Exercise prompt: Since the pictures are not wanted, retype the listing below exactly and without them.

Material for this task:

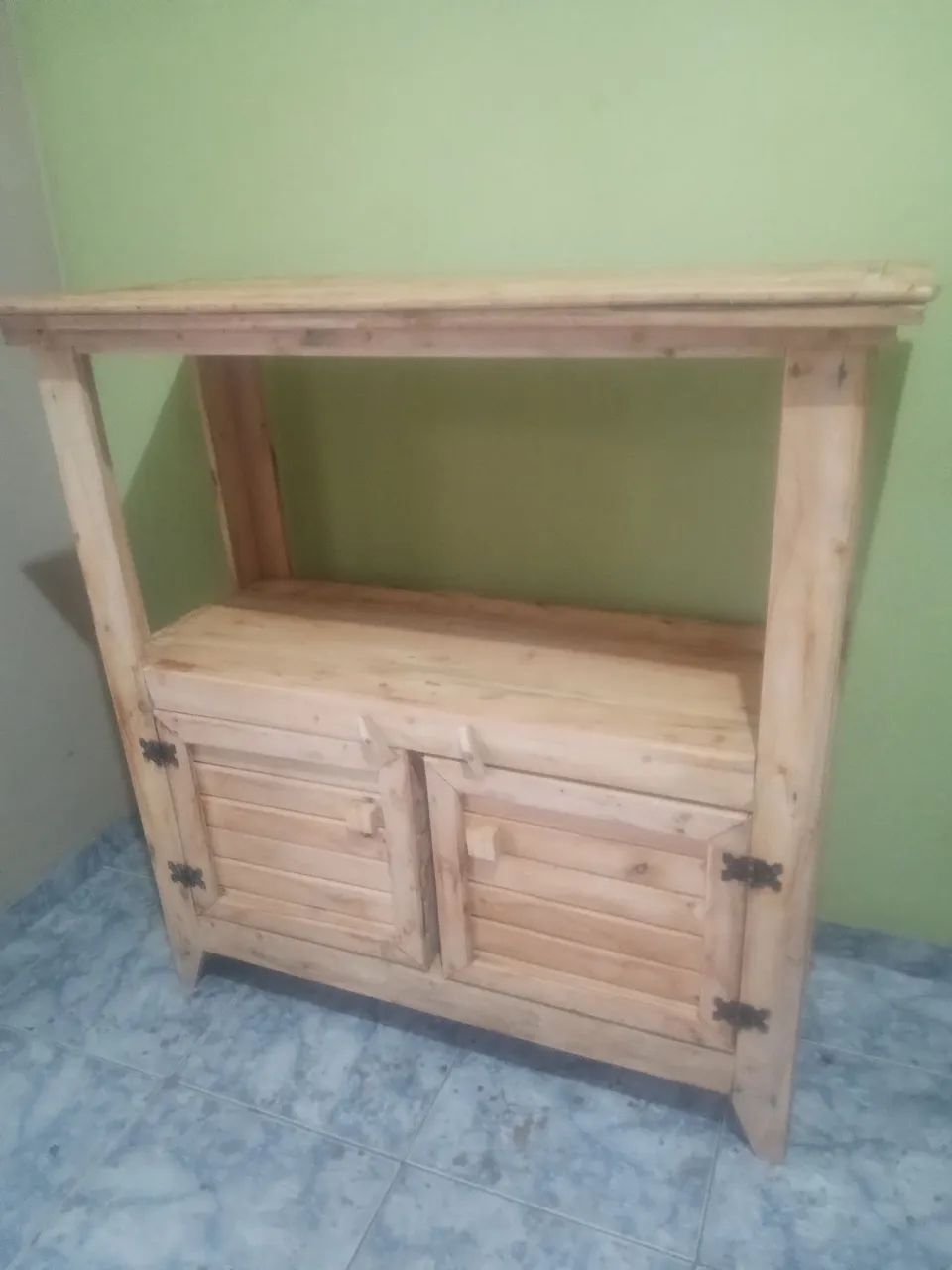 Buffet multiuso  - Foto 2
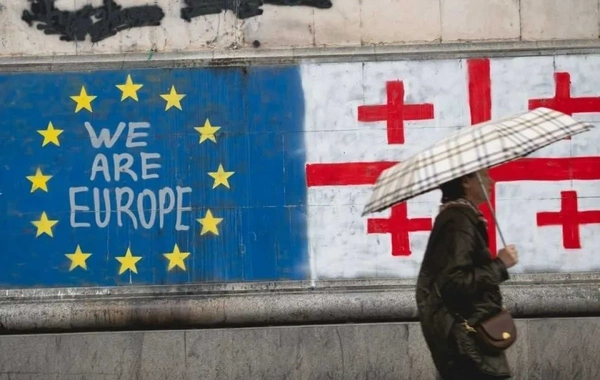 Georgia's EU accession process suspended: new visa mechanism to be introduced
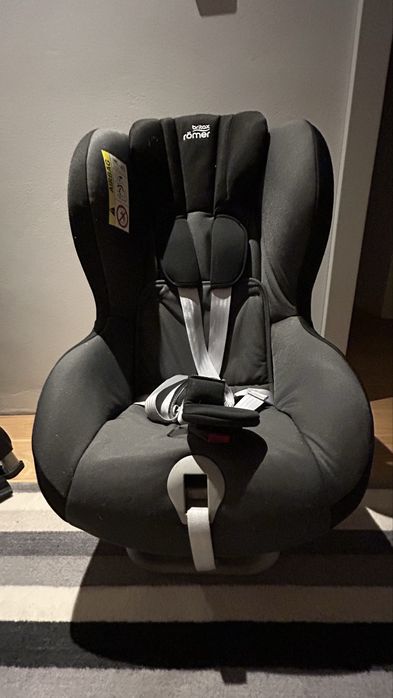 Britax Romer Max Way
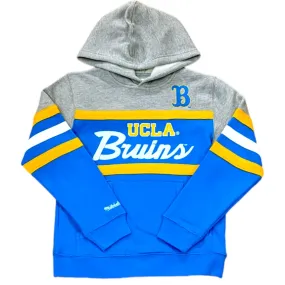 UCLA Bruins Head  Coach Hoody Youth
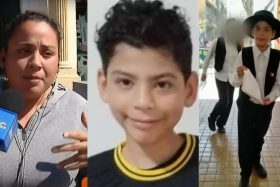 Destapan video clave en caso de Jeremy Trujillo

Expected output:
 Buffet multiuso  - Foto 2
 Georgia's EU accession process suspended: new visa mechanism to be introduced
 Britax Romer Max Way
 UCLA Bruins Head  Coach Hoody Youth
 Destapan video clave en caso de Jeremy Trujillo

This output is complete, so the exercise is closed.